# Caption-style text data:
= Beginning of Section =

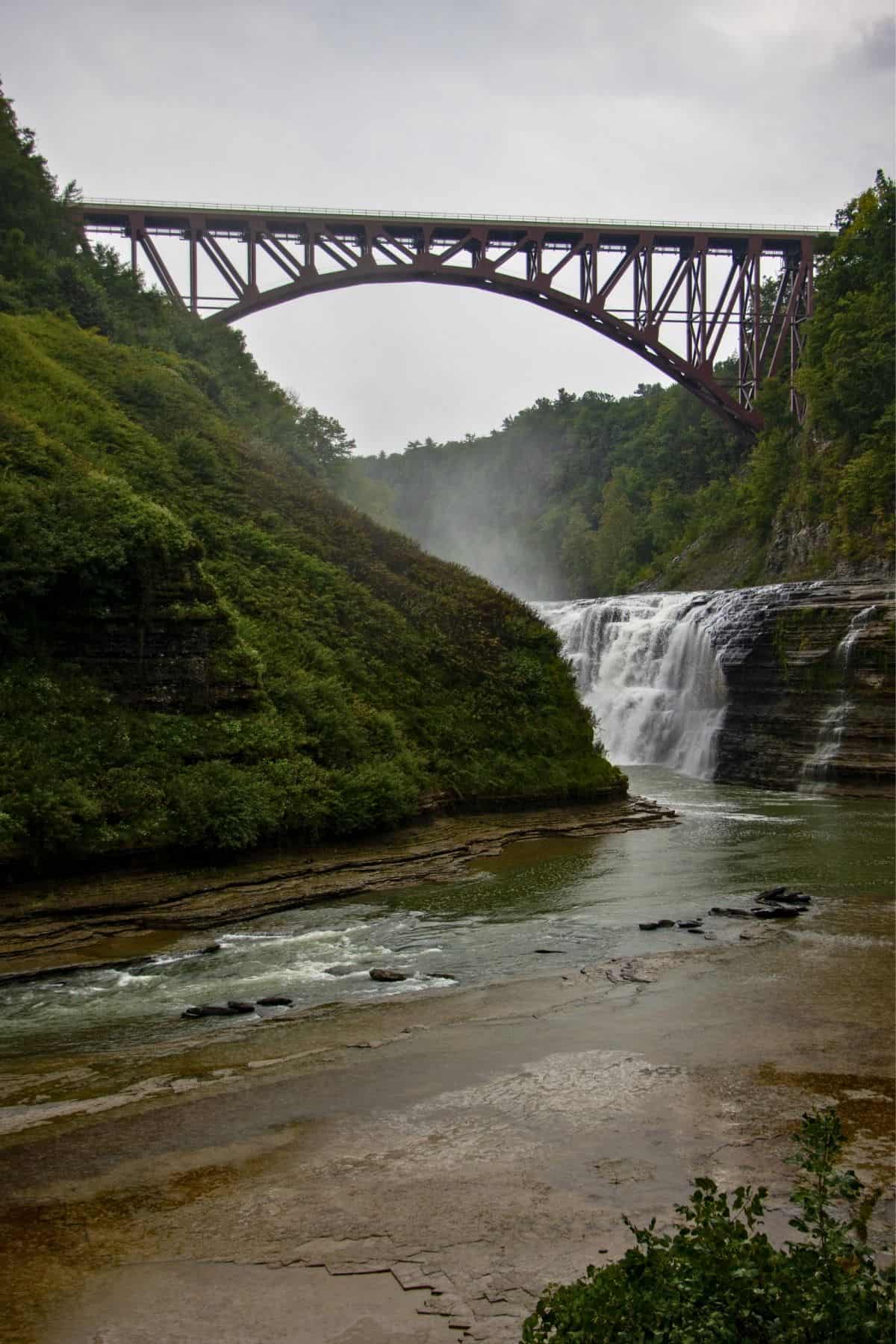 A large iron bridge spans above a waterfall surrounded by green hills, with a river flowing in the foreground under a cloudy sky.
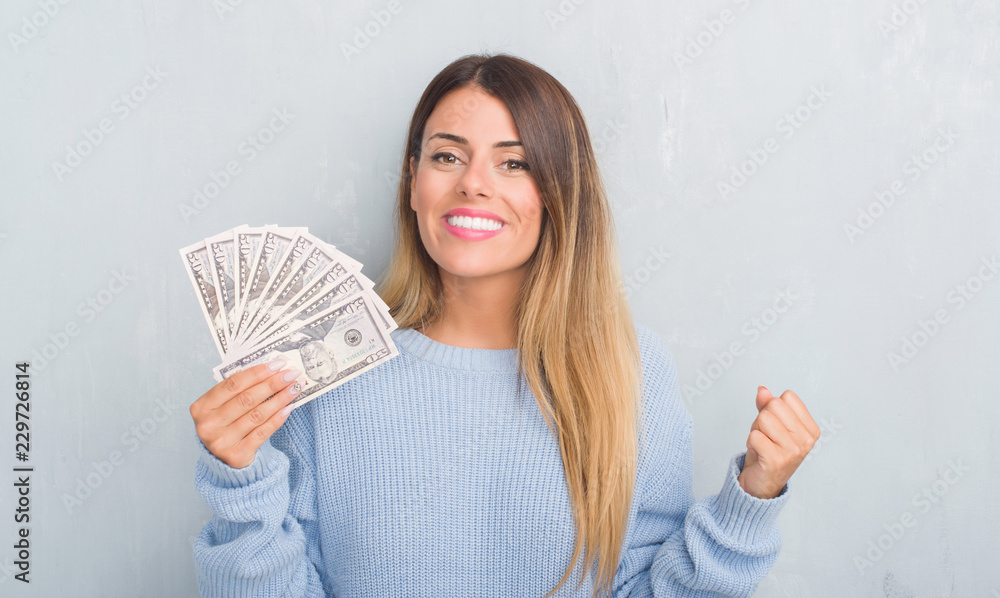 Young adult woman over grey grunge wall holding dollars screaming proud and celebrating victory and success very excited, cheering emotion Young adult woman over grey grunge wall holding dollars screaming proud and celebrating victory and success very excited, cheering emotion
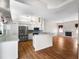 Spacious kitchen and living room featuring stainless steel appliances and granite countertops at 2803 Bent Leaf Dr, Valrico, FL 33594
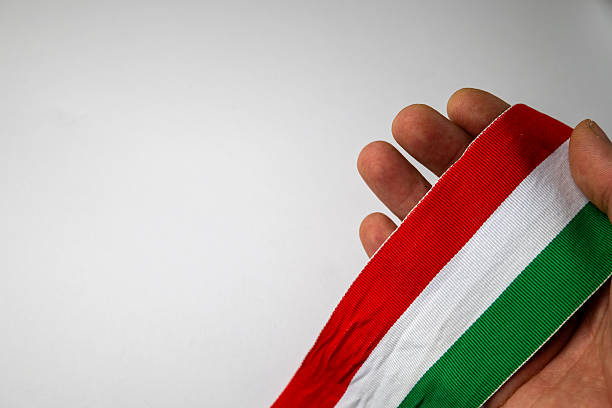 Close-up of a hand holding a red, white and green fabric ribbon inspired by the national colors of Hungary, with copy space on a white background. Suitable for advertising, design and promotional use.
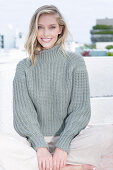 Junge blonde Frau in grauem Strickpullover und heller Hose am Strand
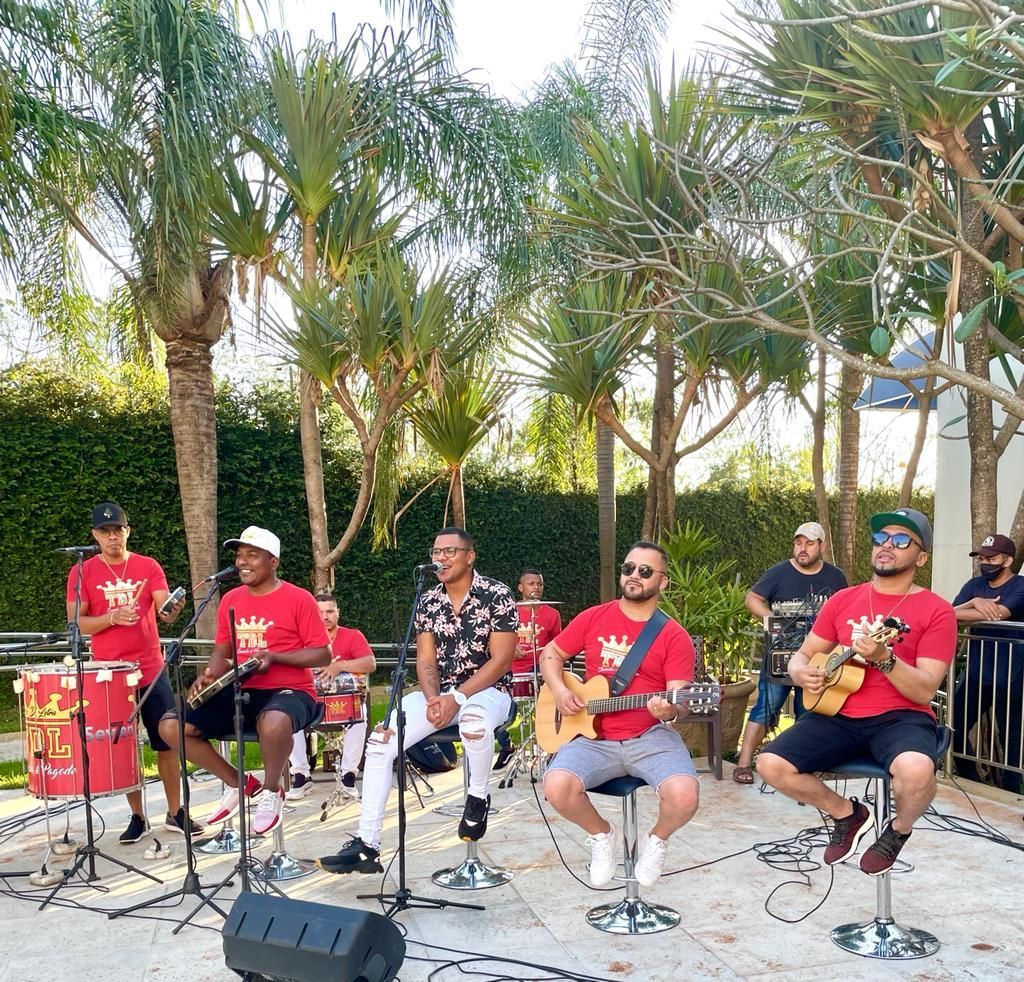 Uma banda de músicos tocando ao ar livre; eles vestem camisas vermelhas, tocam instrumentos e cantam.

= End of Section =

# TASK TO CARRY OUT:
Starting at the first line of the data, set down each line exactly until you have copied the line with "cheering emotion Young", but leave the pictures out.

# WRITTEN REPLY:
 A large iron bridge spans above a waterfall surrounded by green hills, with a river flowing in the foreground under a cloudy sky.
 Young adult woman over grey grunge wall holding dollars screaming proud and celebrating victory and success very excited, cheering emotion Young adult woman over grey grunge wall holding dollars screaming proud and celebrating victory and success very excited, cheering emotion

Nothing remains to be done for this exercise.